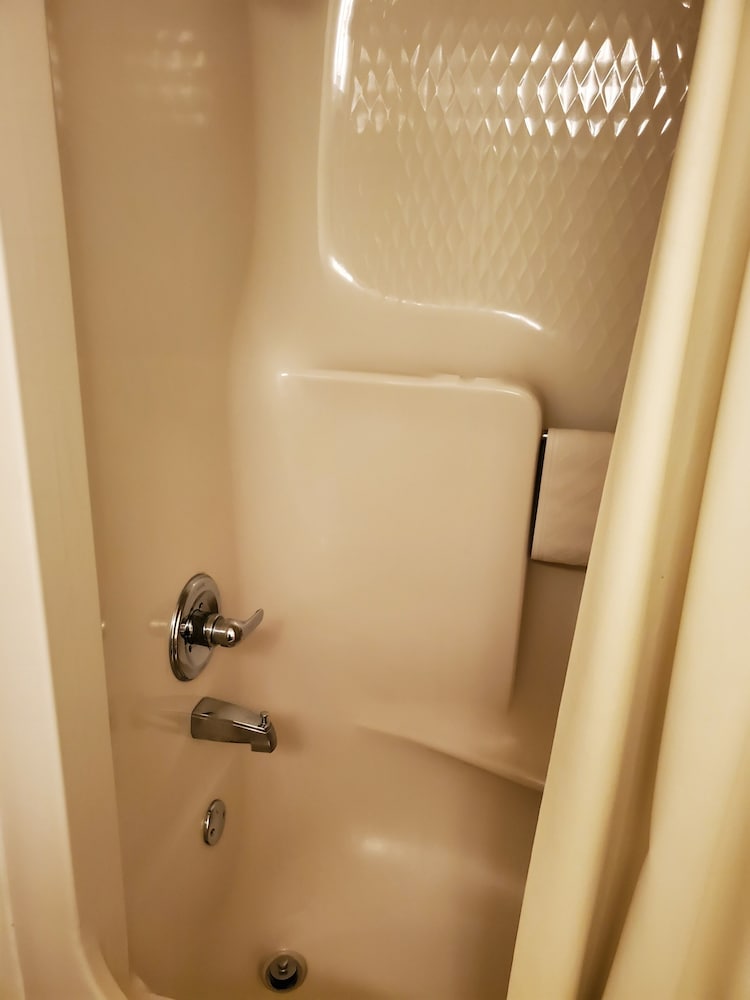 South Shore Motel - photo 25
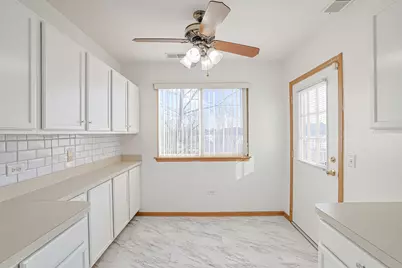 881 N Swift Road #206, Addison, IL 60101 - Photo 13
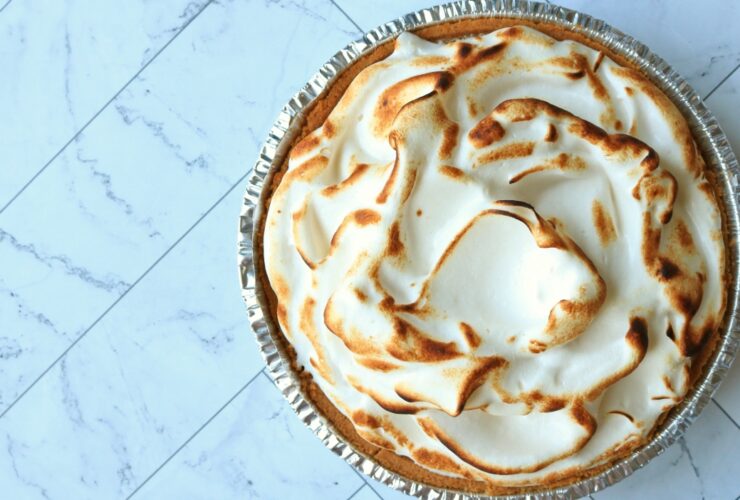 Transforme seu bolo de pudim de limão em uma torta de merengue fofinha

- **Task item**: All of the material should be written out again exactly, apart from the pictures.

- **Output**:
 South Shore Motel - photo 25
 881 N Swift Road #206, Addison, IL 60101 - Photo 13
 Transforme seu bolo de pudim de limão em uma torta de merengue fofinha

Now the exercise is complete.